MinerU VL performs document extraction in two steps: 1. Layout Detection: Detect regions with types (text, table, equation, etc.) 2. Content Recognition: Extract text/table/equation content from each region

MinerUVLTextExtractor

MinerUVLTextExtractor(backend: MinerUVLTextBackendConfig)

Bases: BaseTextExtractor

MinerU VL text extractor with layout-aware extraction.

Performs two-step extraction: 1. Layout detection (detect regions) 2. Content recognition (extract text/table/equation from each region)

Supports multiple backends: - PyTorch (HuggingFace Transformers) - VLLM (high-throughput GPU) - MLX (Apple Silicon) - API (VLLM OpenAI-compatible server)

Example
from omnidocs.tasks.text_extraction import MinerUVLTextExtractor
from omnidocs.tasks.text_extraction.mineruvl import MinerUVLTextPyTorchConfig

extractor = MinerUVLTextExtractor(
    backend=MinerUVLTextPyTorchConfig(device="cuda")
)
result = extractor.extract(image)

print(result.content)  # Combined text + tables + equations
print(result.blocks)   # List of ContentBlock objects

Initialize MinerU VL text extractor.

PARAMETER DESCRIPTION
backend

Backend configuration (PyTorch, VLLM, MLX, or API)

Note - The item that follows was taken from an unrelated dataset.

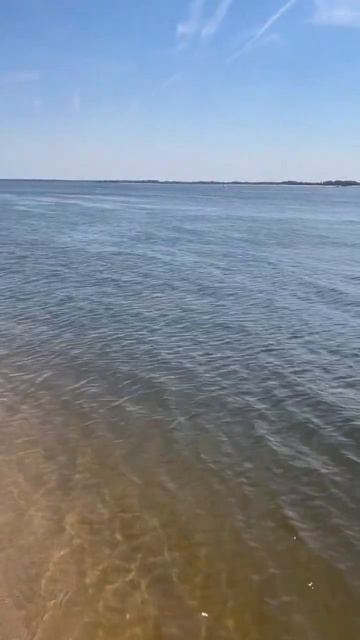 Астраханский подлещик смотреть онлайн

TYPE: MinerUVLTextBackendConfig

Source code in omnidocs/tasks/text_extraction/mineruvl/extractor.py
def __init__(self, backend: MinerUVLTextBackendConfig):
    """
    Initialize MinerU VL text extractor.

    Args:
        backend: Backend configuration (PyTorch, VLLM, MLX, or API)
    """
    self.backend_config = backend
    self._client = None
    self._loaded = False
    self._load_model()

extract

extract(
    image: Union[Image, ndarray, str, Path],
    output_format: Literal["html", "markdown"] = "markdown",
) -> TextOutput

Extract text with layout-aware two-step extraction.

PARAMETER DESCRIPTION
image

Input image (PIL Image, numpy array, or file path)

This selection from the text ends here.